主婦レイナ・エルナンデスさん(38)@東部ラセイバ村

私の夢は、自分の家をもっと改善して、健康でより生きがいを感じられる家族にすることです。トタン屋根の天井は暑いので、別の素材に変えたいですし、台所は来週、改修工事をします。壁と床、庭の植物にも手を入れて、きれいにしたい。家族の関係もよくなっています。


以前はこういうことを考えることは全くありませんでした。外の人が助けに来てくれないと自分たちは何もできない、と考えていたからです。サークルを通じて、目が覚めました。家族が一緒になって、やる気をもって取り組めば、小さなことから少しずつ改善できるんです。

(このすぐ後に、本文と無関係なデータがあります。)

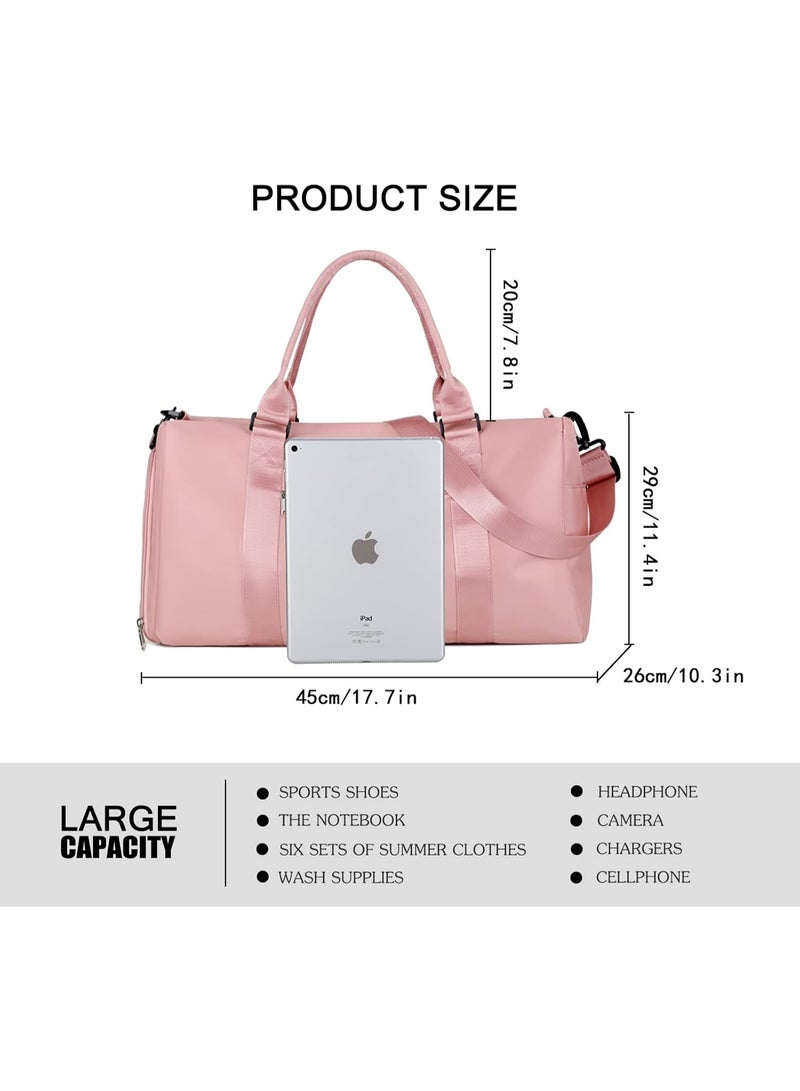 حقيبة سفر رياضية، حقيبة كتف رياضية، حقيبة سفر للعطلات، حقيبة سفر للنساء (وردي) - Image 4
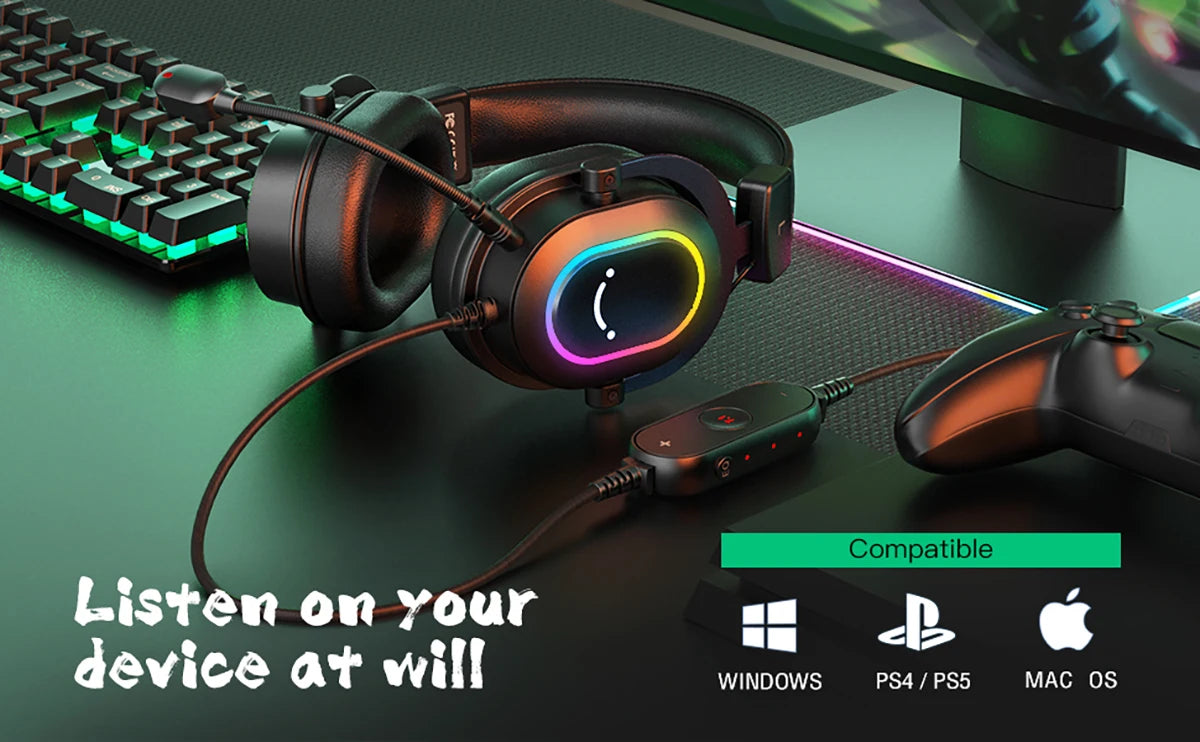 Fifine Dynamic RGB Gaming Headset with Mic Over-Ear Headphones 7.1 Surround Sound PC PS4 PS5 3 EQ Options Game Movie Music - H6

サークルでは、自己啓発と、将来の夢を考える時間がすごく大きなきっかけになりました。以前ならお金がないとできないと思っていたことが、家族や隣人が一緒になって協力することで改善できるんです。この壁を改善したときは、家族とご近所の皆さんが手伝ってくれました。自分たちも、ご近所さんが改善するときに手伝います。これまでの経験を通じて、より大きなことを考えることもできるようになりました。

主婦マリア・エステル(35)@中部サンハシント村

以前は部屋が暗くて、電気をつけないと何も見えない状態でした、雨期は雨漏りで子供部屋では寝られませんでした。ベッド上に服や靴がちらかっていて、夫はハンモックで寝ていました。夫婦関係はなくなっていて、もう離婚寸前でした(笑)。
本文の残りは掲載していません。